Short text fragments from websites
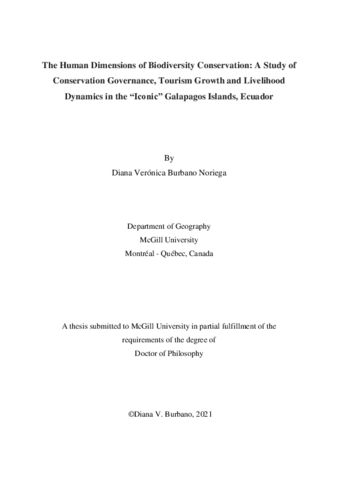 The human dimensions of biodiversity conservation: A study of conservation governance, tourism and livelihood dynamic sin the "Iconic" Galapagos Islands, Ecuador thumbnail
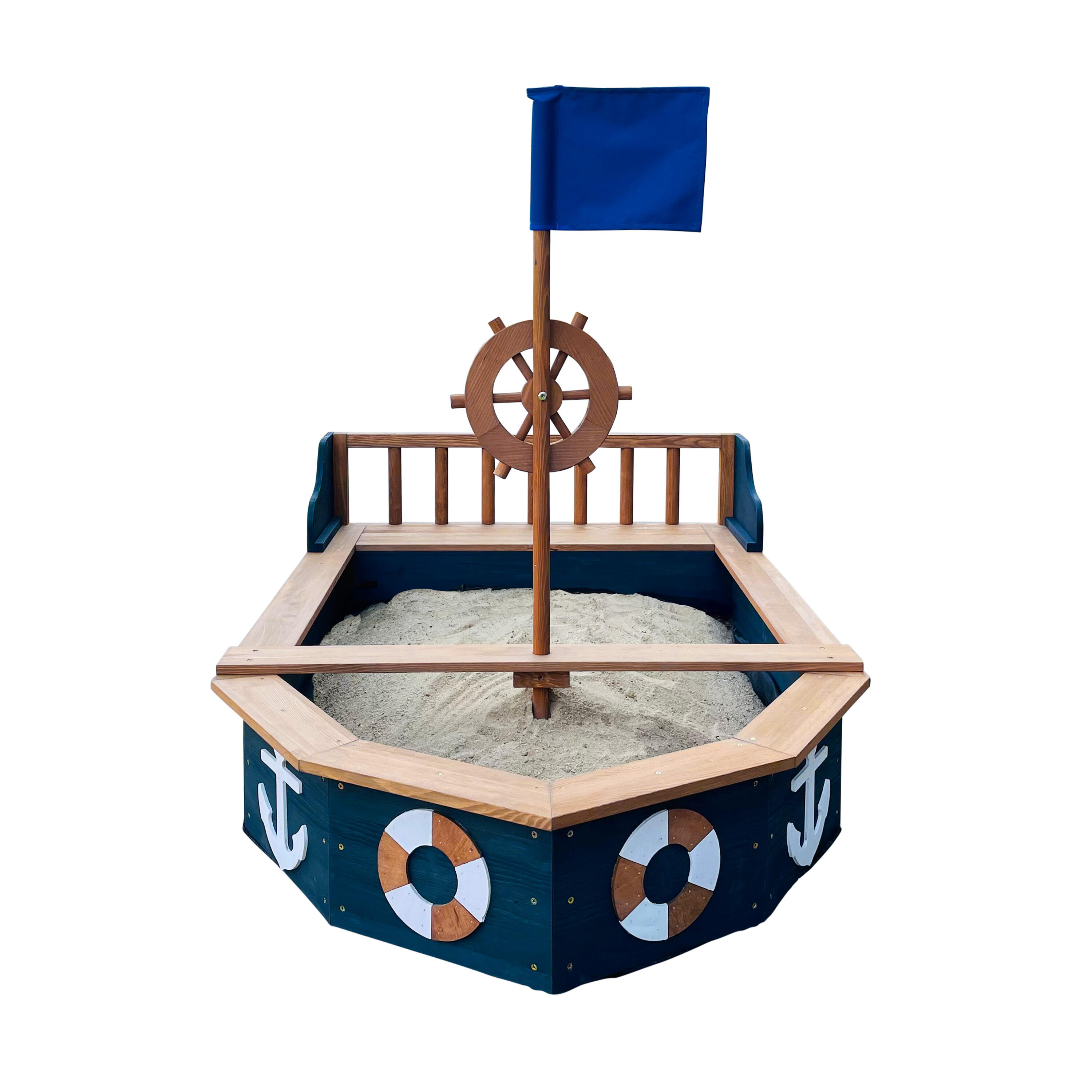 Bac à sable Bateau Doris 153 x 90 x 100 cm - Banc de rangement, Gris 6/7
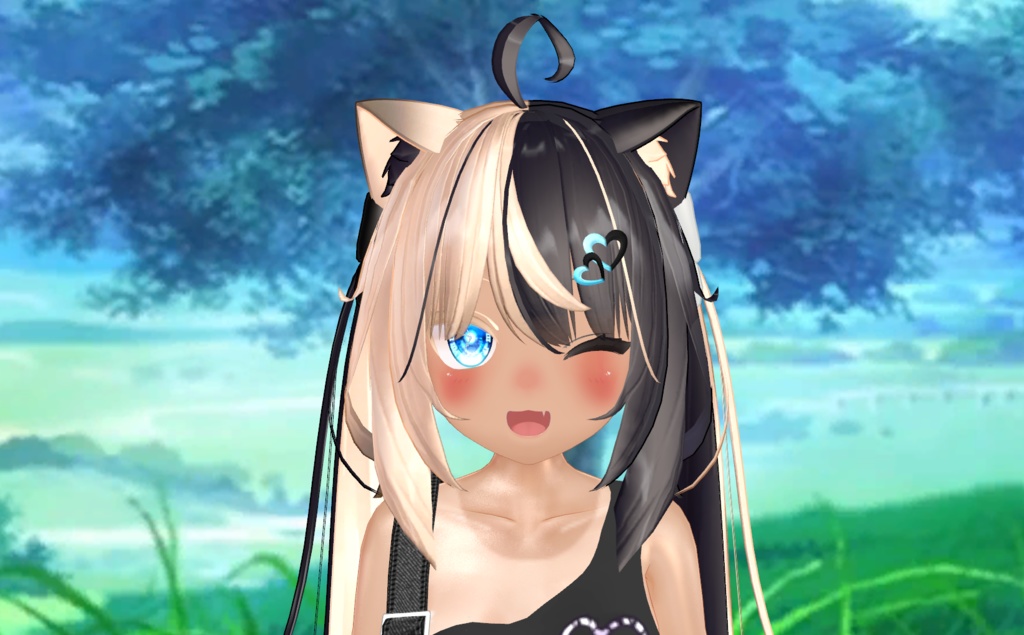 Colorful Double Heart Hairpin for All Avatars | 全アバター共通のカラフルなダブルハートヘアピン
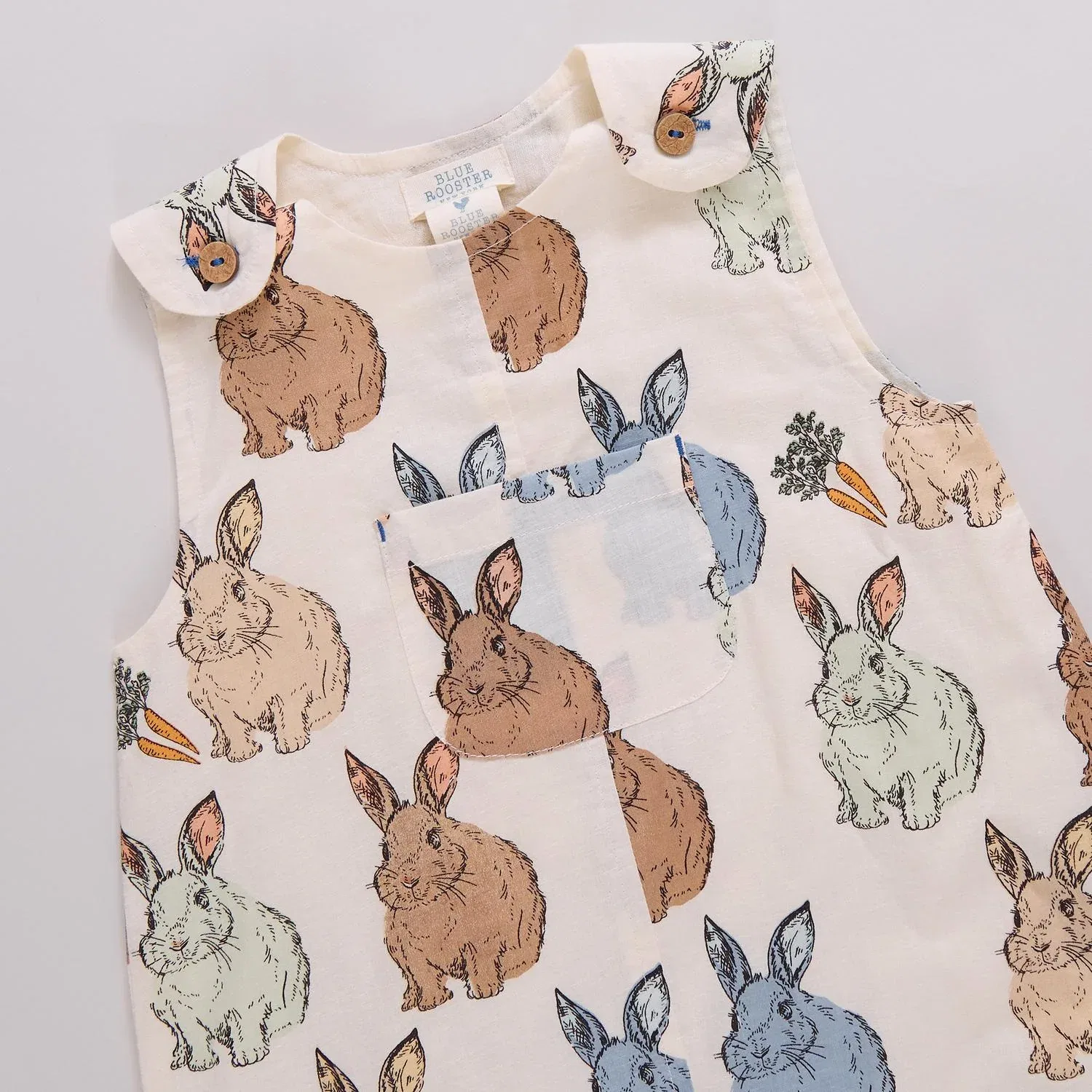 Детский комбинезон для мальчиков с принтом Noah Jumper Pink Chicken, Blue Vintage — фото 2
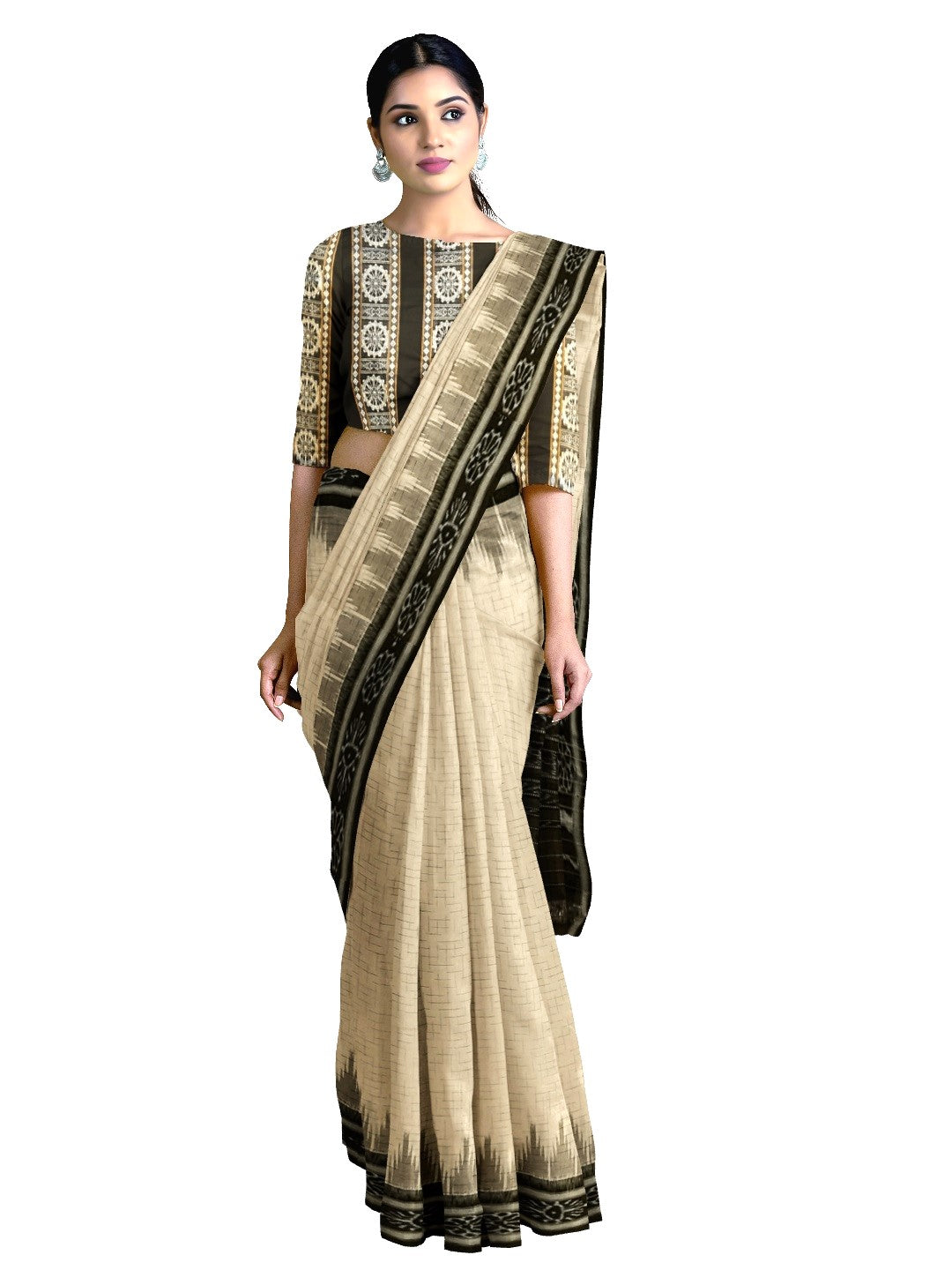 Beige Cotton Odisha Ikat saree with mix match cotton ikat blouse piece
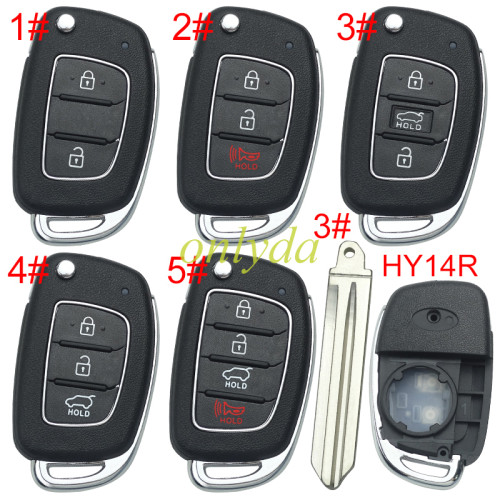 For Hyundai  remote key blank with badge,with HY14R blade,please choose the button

_THE TASK_. Take the line that holds "Colorful Double Heart" as the start and the last line of the data as the end. Copy only those lines exactly, both ends included, except the pictures.

_TASK RESULT_.
 Colorful Double Heart Hairpin for All Avatars | 全アバター共通のカラフルなダブルハートヘアピン
 Детский комбинезон для мальчиков с принтом Noah Jumper Pink Chicken, Blue Vintage — фото 2
 Beige Cotton Odisha Ikat saree with mix match cotton ikat blouse piece
 For Hyundai  remote key blank with badge,with HY14R blade,please choose the button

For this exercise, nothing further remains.